Analysts Wine Intelligence found that in the first quarter of this year, 60% of consumers between the ages of 18 and 50 spent less than CNY200 (€25) on imported wine.
€25 is generally recognised as entry-level wine in China. An earlier survey in January this year had found that fear of buying a fake wine was the biggest barrier to entry for imported wines, with 44% of respondents saying it put them off buying.
‘There is a growing trend for drinking wine for pleasure rather than serving it at banquets or giving it as gifts,’ Maria Troein, China manager for Wine Intelligence told China Daily.
‘There are now new market segments of younger drinkers who like to drink wine that fits into their lifestyle.’
Thomas Jullien, who represents the Bordeaux Wine Bureau (CIVB) in China told Decanter.com, ‘There's been a rebalancing of the imported wine offers in terms of price points. For Bordeaux it has meant that intermediate levels have outgrown entry level and high end, permitting the medium range to catch up. This is also a segment that has been actively promoted in China through the Simply Bordeaux program with appellations such as Bordeaux, Bordeaux Superieur, the Cotes and Cru Bourgeois.’

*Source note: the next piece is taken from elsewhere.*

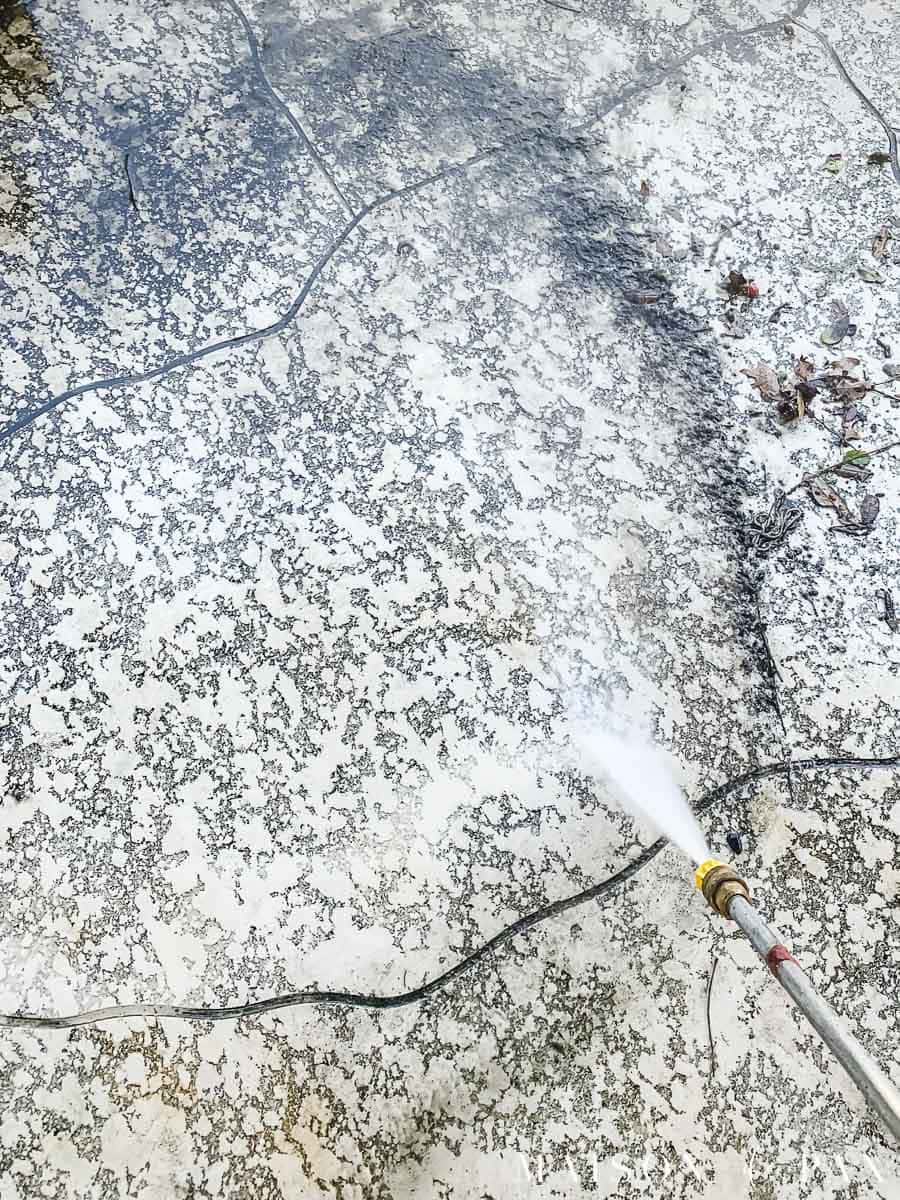 power washer spraying away dirt on a deck surface | Maison de Pax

The changing market conditions are pushing Chinese producers to develop brands that better fit market demand, in line with the slowing Chinese economy.
Lina Fan, representative for Shou Rui Wu, new owner of Chateau de Pic in the Cotes de Bordeaux, said that this was the market segment that they will now be concentrating on. ‘The market for very cheap Bordeaux in China is diminishing, as other countries are now filling that price point, plus the very highly priced wines are losing steam.
‘But we have identified a huge development potential at €5-6 (ex-chateau). The quality mid-range wines have a strong future in China, and that is what we are looking to develop at Pic.’
Wine Intelligence estimates that there are around 19 million drinkers of imported wine in China, aged between 18 and 49.
Further pressure has been heaped on European wines in China with the annoucement from the commerce ministry that it is launching an enquiry into EU wine being dumped in China at below cost price. The move has come after the European Commission announced it is imposing anti-dumping tariffs on imports of Chinese solar panels.